Another promising practice involves using Socratic dialogue with AI systems. A 2024 study on Socratic LLMs found that students who interacted with these models exhibited improved critical reasoning and self-reflection. Socratic LLMs are designed to mimic the method of Socrates, who taught through probing dialogue rather than direct instruction. By posing open-ended questions, the models challenge students to explain their thinking, justify their claims, and consider counterarguments. The AI functions less as a source of authority and more as a heuristic nudge that slows students down and encourages deeper reflection.

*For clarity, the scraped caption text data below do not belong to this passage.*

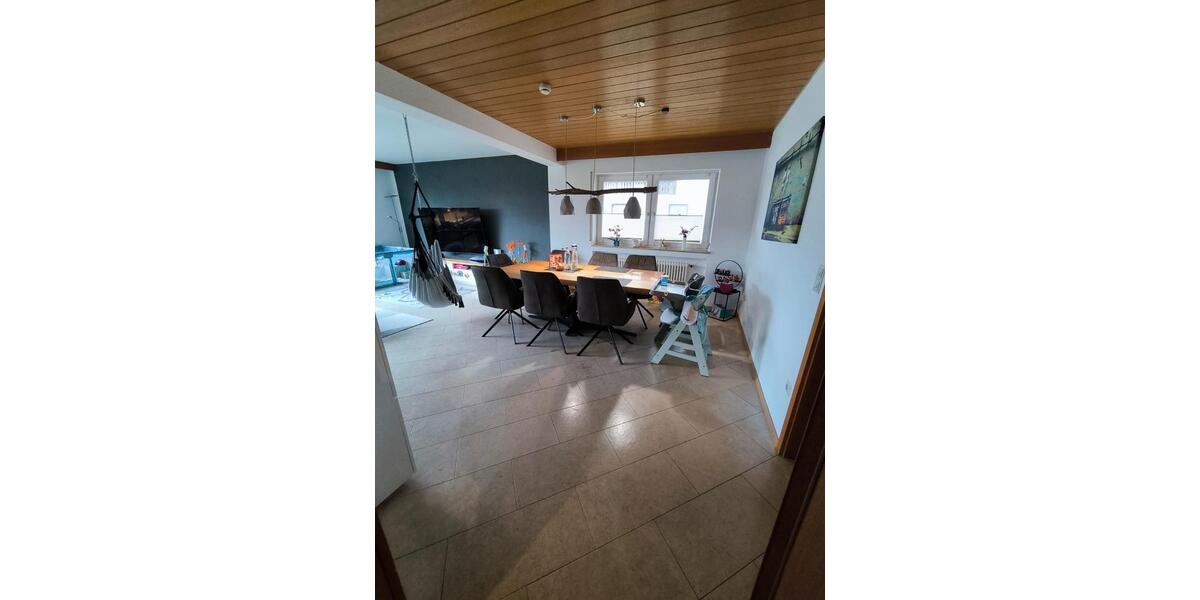 Erdgeschoßwohnung Lonsee - 5 Zimmer, 144 m&sup2;, 1.350&euro; | Angebot:25963141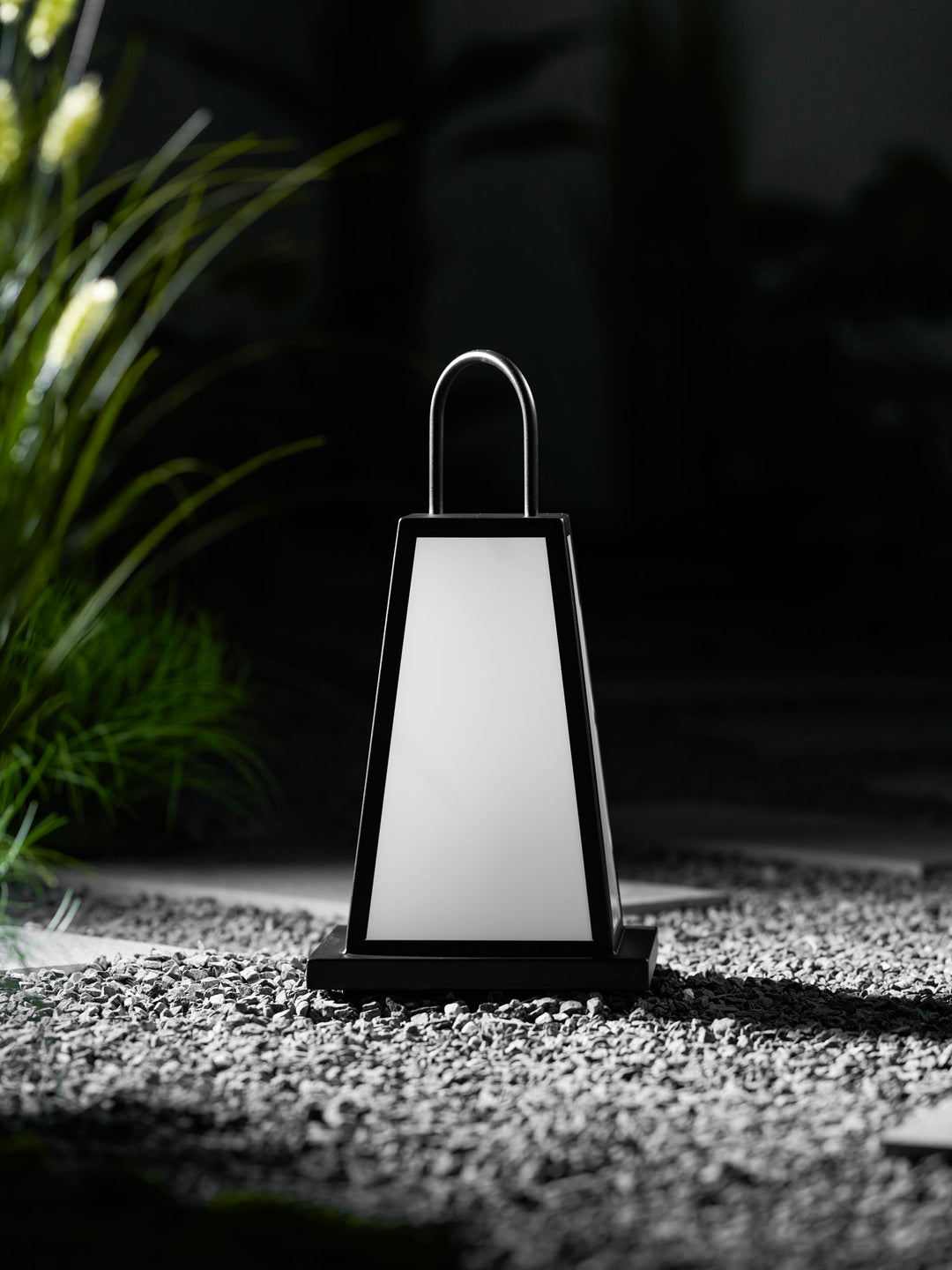 Roam Lantern Garden Outdoor Lamp - Vakkerlight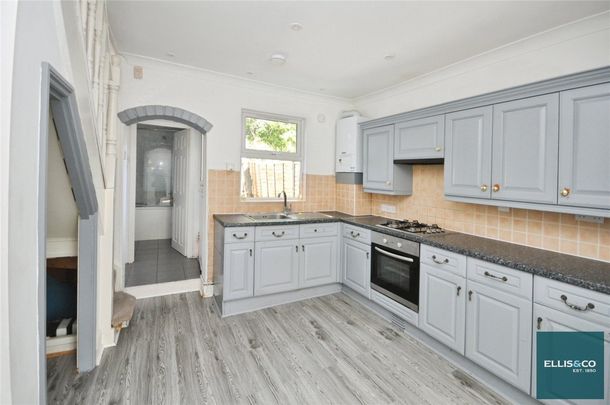 Rasper Road, N20, Whetstone - Photo 1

These methods are united through an emphasis on active cognitive engagement. Generative AI is not inherently antithetical to deep thought but assignments must be revised to reward reasoning over information citation. With thoughtful design, educators can ensure that AI strengthens the habits of inquiry, skepticism, and reflection that lie at the heart of critical thinking.
Conclusion
Generative AI is already embedded in how people work, learn, and create. Treating its use as inherently dishonest creates a disconnect between educational institutions and the professional environments students are preparing to enter. The question is no longer whether students will use AI, but how they can do so in ways that support genuine learning.
Rather than banning emerging tools or relying on outdated assessments, educators can shift their focus toward the quality of students’ engagement with ideas. That shift involves aligning teaching practices with the habits of inquiry, skepticism, and reflection that AI cannot automate.
Integrating AI into education is not endorsing shortcuts but designing learning experiences that treat AI as a resource to be interrogated, not obeyed. AI can sharpen reasoning, expand perspective, and offer new ways to think. The opportunity is not to reject the future, but to teach students how to meet it with discernment. If the classroom becomes a space where AI is neither banned nor blindly accepted, but questioned and shaped by human insight, then education may not only survive the AI age but evolve into something deeper.